La période psychanalytique commence en 1960 avec sa première analyse. C’est avec Serge Viderman qu’il l’engage. Il est affilié à la SPP en 1967, membre adhérent en 1973 et titulaire formateur en 1975. Son lien à la société est important, il participe souvent à son bureau et à son CA. Les événements de 1968 qui ébranlent la SPP le conduisent à rédiger le rapport d’une commission de travail sur l’institution psychanalytique et la formation. Ce texte est publié sous le titre « Cursus et hiérarchie dans la société d’analyse » et Lacan lui écrit à son propos une lettre à la fois élogieuse et amère. Il a suivi l’enseignement de celui-ci jusqu’en 1964 et comme il le disait, Lacan est l’auteur qu’il a le plus lu après Freud et Winnicott. Mais il se sépare progressivement de son influence et ses travaux sur le cadre, la durée de la séance, la règle fondamentale, l’interprétation du transfert, la formation et l’institution, portent tous la marque d’une reprise critique serrée de la pensée lacanienne.
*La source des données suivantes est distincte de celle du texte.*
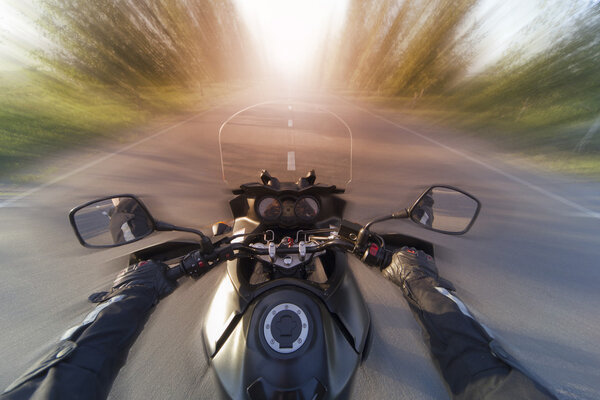 Traveling on a motorcycle on the mountain roads.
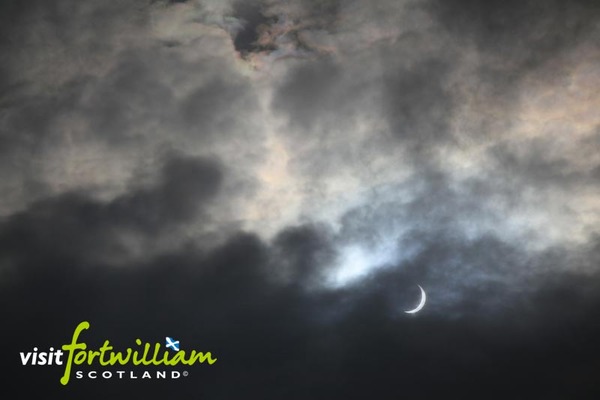 Large solar eclipse above ben nevis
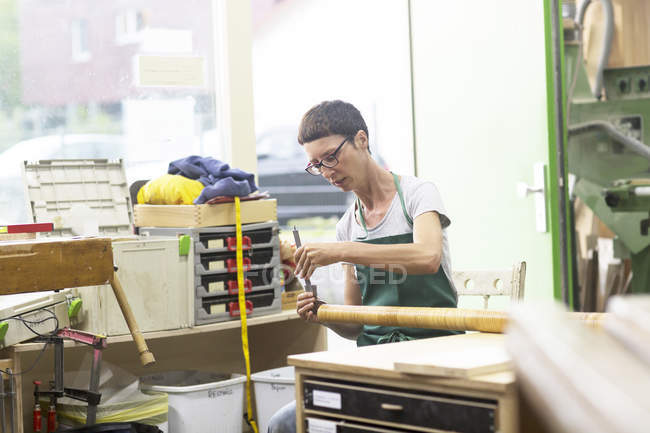 Frau in Werkstatt bastelt Alphorn — Stockfoto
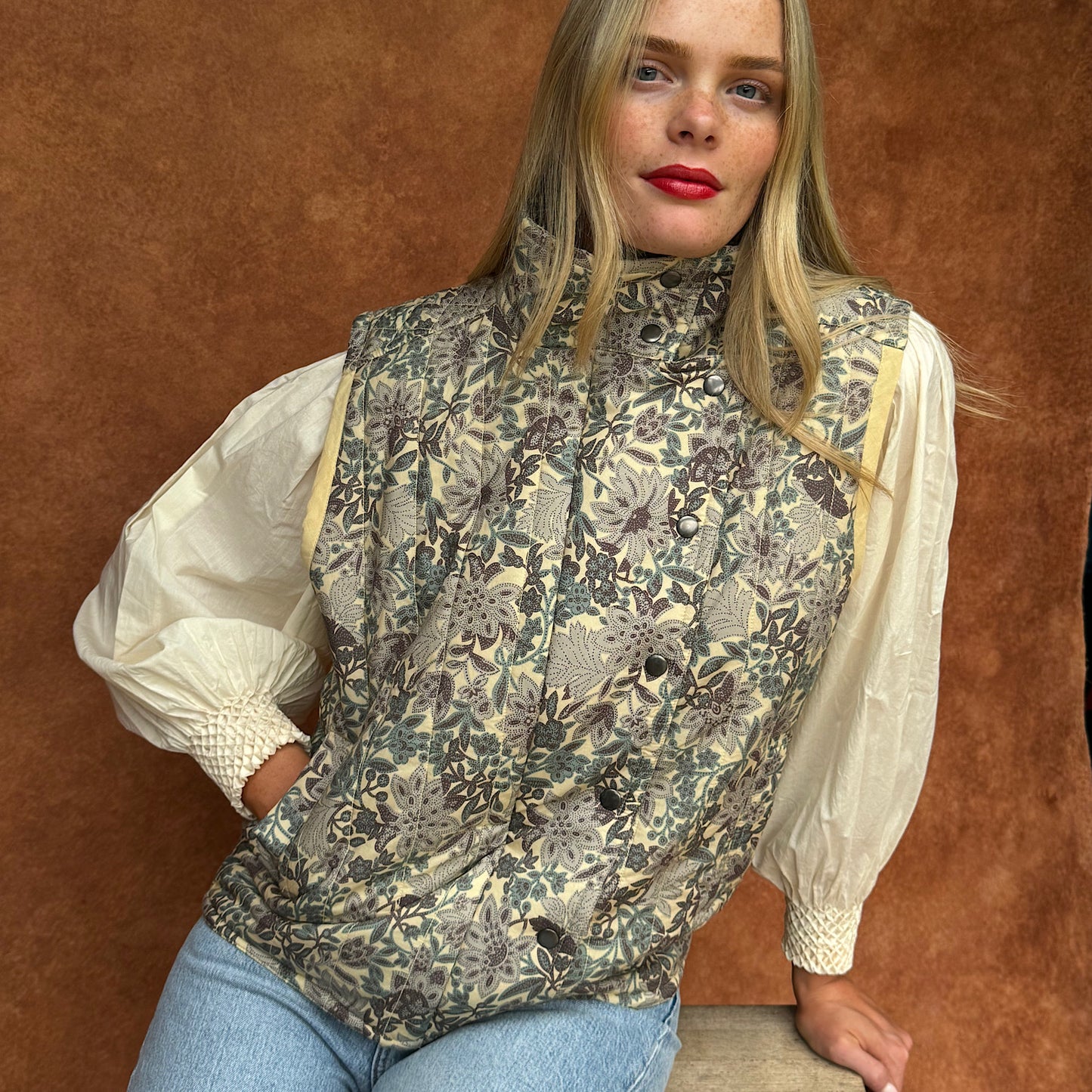 Quilted Frida sleeveless jacket in woodland floral print cotton lawn.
Winnicott l’aide à penser le conflit dans son versant théorique entre Lacan et la SPP. En effet, les concepts de transitionnalité et d’objet trouvé/créé lui permettent d’articuler réel , symbolique et imaginaire.
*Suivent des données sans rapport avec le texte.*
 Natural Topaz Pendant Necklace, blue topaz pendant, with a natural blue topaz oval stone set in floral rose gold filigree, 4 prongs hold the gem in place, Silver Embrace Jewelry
Mais trois auteurs et trois textes jouent un rôle déterminant dans son évolution. Il s’agit de Serge Viderman avec La construction de l’espace analytique, de Conrad Stein avec La double rencontre et d’André Geen avec son travail sur l’affect publié dans Le discours vivant. Le dialogue avec Green engagé à Ste Anne se poursuivra très longtemps. Ils publieront ensemble, L’enfant de ça.
Ces influences et l’ouverture sur l’international le conduisent à élaborer une œuvre très riche composée de plus d’une centaine d’articles et de 6 livres dont le dernier, Dire ce qui vient – Association libre et transfert, date de 2016. Presque tous ses travaux qui vont de la suggestion au surmoi culturel ont pour objet la question de la nature et de la légitimité de l’action thérapeutique produite par la situation analytique. Ils ont trois piliers, la pensée freudienne qu’il questionne pour ainsi dire en continu, la situation analytique et ses sites dérivés, enfin les échanges entre analystes.
Jean-Luc Donnet a en effet beaucoup puisé dans ces échanges en se confrontant avec agilité, rigueur et sans complaisance à l’épreuve critique. Quant à la clinique, il a enrichi sa pratique personnelle de toute son expérience des institutions soignantes en particulier celle acquise à Etienne Marcel qu’il dirigea jusqu’en 1983 et surtout au CCTP Jean Favreau dont il fut le médecin directeur de 1989 à 1999.
Au CCTP, il a su transmettre son goût du travail et de la recherche en favorisant l’élaboration collective d’une méthode originale de confrontation et d’échange à propos des difficultés rencontrées dans la situation analytique ou ses sites dérivés.
Et, au-delà du Centre, nous nous sommes tous progressivement appropriés certaines des formules condensées dont il avait le secret comme par exemple: écart théorico-pratique, opération méta, site analytique, situation analysante, incident de cadre, don d’absence.
Alors bien sûr son absence laisse un grand vide, mais elle laisse aussi un riche héritage que nous continuerons de partager. Nous adressons un hommage reconnaissant au psychanalyste marin, amoureux de la mer et du vent, qui nous accompagnera encore dans cette « traversée du site analytique » dont l’exploration est loin d’être terminée.